Hopefully this has helped.

## Basic Things You Should Know About Floating-Point Numbers

- Single-precision floating point numbers can
*precisely*hold whole numbers from -16,777,215 to 16,777,215, with zero ambiguity. Many users derive the wrong assumption from the fractional variances that all numbers are approximations, but many (including fractional representations that fit within the magnitude — e.g. 0.25, 0.75, 0.0042572021484375, etc — can be precisely stored. The key is that the number is the decimal representation of a fraction where the denominator is a power of 2 and lies within the precision band of a given magnitude) - Double-precision floating point numbers can precisely hold whole numbers from -9,007,199,254,740,991 to 9,007,199,254,740,991. You can very easily calculate the precision allowed for a given magnitude (e.g. if the magnitude is between 1 and 2, the precision is within 1/4503599627370496, which for the vast majority of uses is well within any reasonable bounds.
- Every number in JavaScript is a double-precision floating point. Your counter, “const”, and other seeming integers are DPs. If you use bitwise operations it will temporarily present it as an unsigned 32-bit int as a hack. Some decimal libraries layer atop this to present very inefficient, but sometimes necessary, decimal representations.
- Decimal types can be mandated in some
domains, but represent a
*dramatic*speed compromise (courtesy of the reality that our hardware is extremely optimized for floating-point math). With some analysis of the precision for a given task, and intelligent rounding rules, double-precision is more than adequate for most purposes. There are scenarios where you can pursue a hybrid approach: In an extremely high Internal Rate of Return calculation I use SP to get to an approximate solution,

and then decimal math to get an absolutely precise solution (the final, smallest leg). - On most modern processors double-precision calculations run at approximately half the speed of single-precision calculations (presuming that you’re using SIMD, where an AVX unit may do 8 DP calculations per cycle, or 16 SP calculations per cycle). Half-precision calculations, however, do not offer any speed advantage beyond reducing memory throughput and scale necessary. The instructions to unpack and pack binary16 is a relatively new addition.
- On most GPUs, double-precision calculations are dramatically slower than single-precision calculations.
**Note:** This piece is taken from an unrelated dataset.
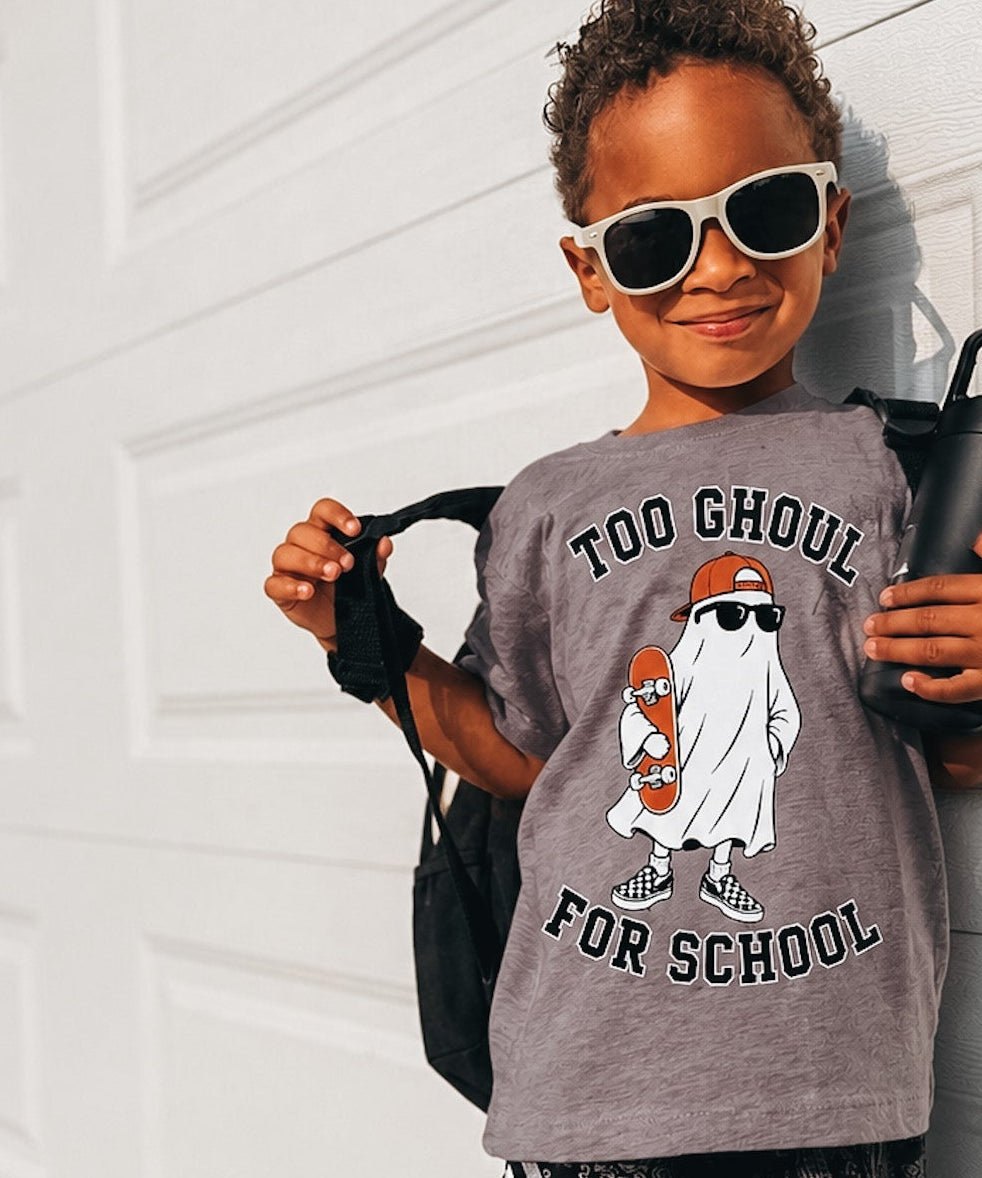 A young child wearing a gray graphic t-shirt with a ghost design and the text 'TOO GHOUL FOR SCHOOL', black patterned shorts, and white-framed sunglasses, posing against a white garage door.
While most processors have floating point units that perform single-precision calculations on double-precision hardware or greater, most offering SIMD to do many calculations at once, GPUs were built for single-precision calculations, and use entirely different hardware for double precision calculations. That DP hardware is often in short supply (most GPUs offer 1/24 to 1/32 the number of DP units, though a very small number of expensive units offer good DP performance). On the flip side, most GPUs use SIMD on single-precision hardware to do multiple half-precision calculations, offering the best performance of all.
- Some very new compute-focused devices offer spectacular DP performance. The GP100 from nvidia offers 5 TFLOPS of DP calculations, about 10 TFLOPS of SP calculations, and 20 TFLOPS of half-precision calculations. These are incredible new heights.